╭──

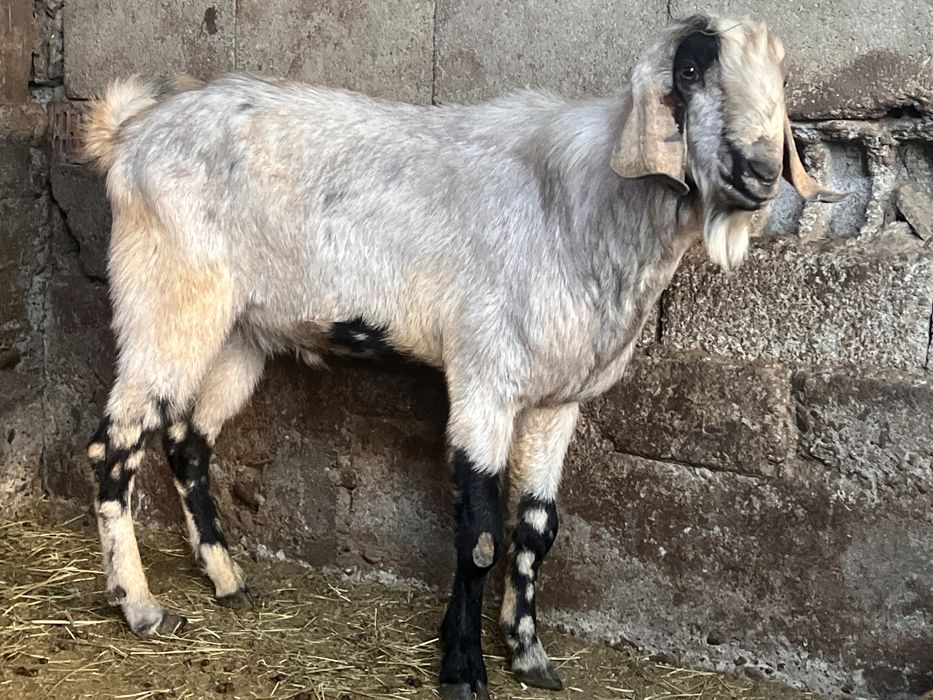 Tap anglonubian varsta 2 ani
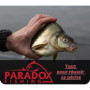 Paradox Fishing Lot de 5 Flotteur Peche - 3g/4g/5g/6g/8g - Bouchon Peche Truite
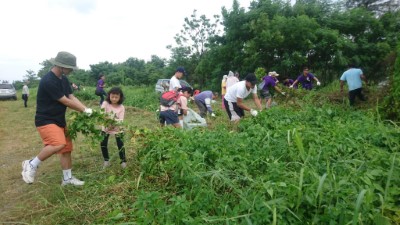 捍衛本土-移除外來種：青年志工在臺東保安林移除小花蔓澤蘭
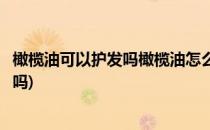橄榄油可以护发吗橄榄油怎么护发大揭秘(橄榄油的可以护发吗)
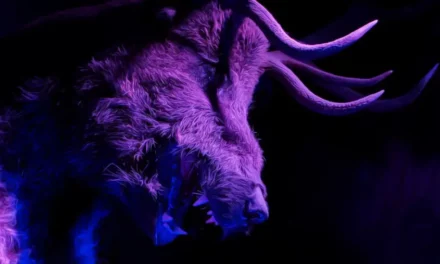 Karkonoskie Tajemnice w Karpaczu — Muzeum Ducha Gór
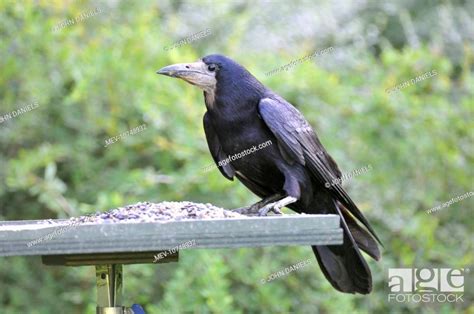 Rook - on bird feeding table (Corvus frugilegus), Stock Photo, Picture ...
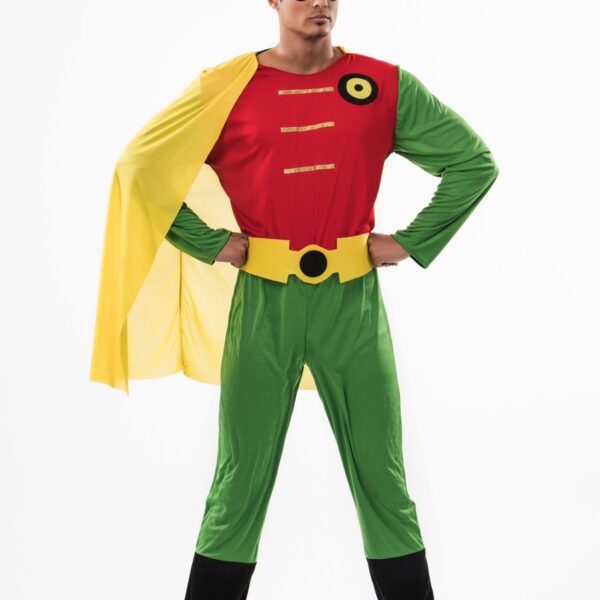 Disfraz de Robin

╰──

**WHAT YOU WILL DO**
Which lines run from the one holding "Paradox Fishing Lot" through the end of the records? Reproduce them word for word, both ends included, with no pictures.

**RESPONSE**
 Paradox Fishing Lot de 5 Flotteur Peche - 3g/4g/5g/6g/8g - Bouchon Peche Truite
 捍衛本土-移除外來種：青年志工在臺東保安林移除小花蔓澤蘭
橄榄油可以护发吗橄榄油怎么护发大揭秘(橄榄油的可以护发吗)
 Karkonoskie Tajemnice w Karpaczu — Muzeum Ducha Gór
 Rook - on bird feeding table (Corvus frugilegus), Stock Photo, Picture ...
 Disfraz de Robin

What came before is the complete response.